Stevens is helped by the three lead performances.  As Angela, a stunningly beautiful Elizabeth Taylor manages to be both calculating and clueless,   seductive and innocent.  As her counterpart, Shelley Winters gives a really brave performance as Alice.  The film is structured that its impossible not to feel sorry for Alice.  The genius of Winters performance is that she (and director Stevens) allowed Alice to become a real, flawed human being as opposed to just a symbol of victimization.  However, the film is truly dominated by Montgomery Clift.  Clift is in just about every scene and his own rather fragile persona translates wonderfully in the role of George.  Was Montgomery Clift ever as handsome as he was in A Place In The Sun?  He gives a perfect performance as the type of guy that every girl has known, the guy that we fell in love with not because of who he was but who we thought he could be.  These are the guys who always end up breaking our hearts, they’re the ones who we still can’t help but think about years later, always wondering “why?”

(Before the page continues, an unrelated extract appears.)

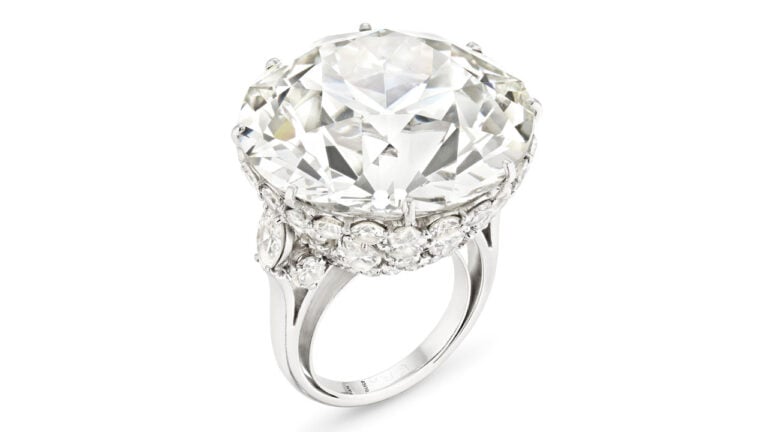 The 49.91-carat diamond ring that led the auction at Christie's image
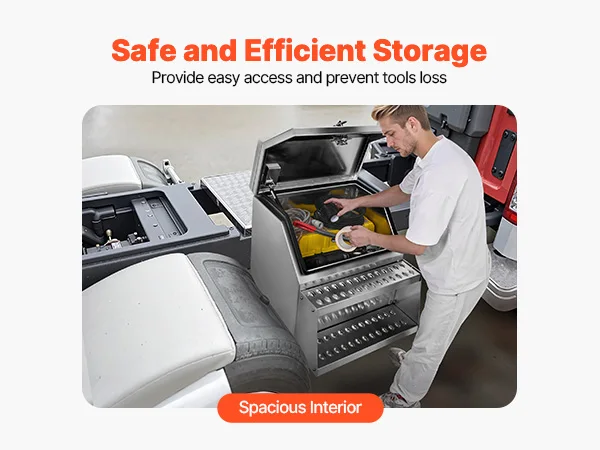 SucceBuy 18 x 27.5 x 25.4/24 x 27.5 x 25.4in Semi-Truck Step Tool Box with T-Handle Lock & Keys for Semi Trucks Flatbed Trailers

Unlike a lot of older films, A Place in the Sun remains remarkably watchable and relevent today.  Perhaps its most famous scene involves a capsized rowboat and oh my God, that scene freaked me out so much.  Admittedly, a lot of that had to do with the fact that I have this morbid fear of drowning (and, like one of the characters in this film, I can’t swim) but director Stevens also does a great job building up the scene’s suspense.  He makes brilliant use of sound especially, in much the same way that Francis Ford Coppola would later use that roaring train in The Godfather.  Seriously, I watched that scene with my hands literally over my eyes, just taking an occasional peek until it was all over. 

One last note — there’s an actor in this film who plays a detective.  You’ll see him if you play the trailer at the top of the post.  His big line is “You’re under arrest.”  I have no idea who this actor was but he had one of the most authentic and memorable faces that I’ve ever seen in a movie, regardless of when the movie was made.  He had the type of presence that reminded me why I love character actors.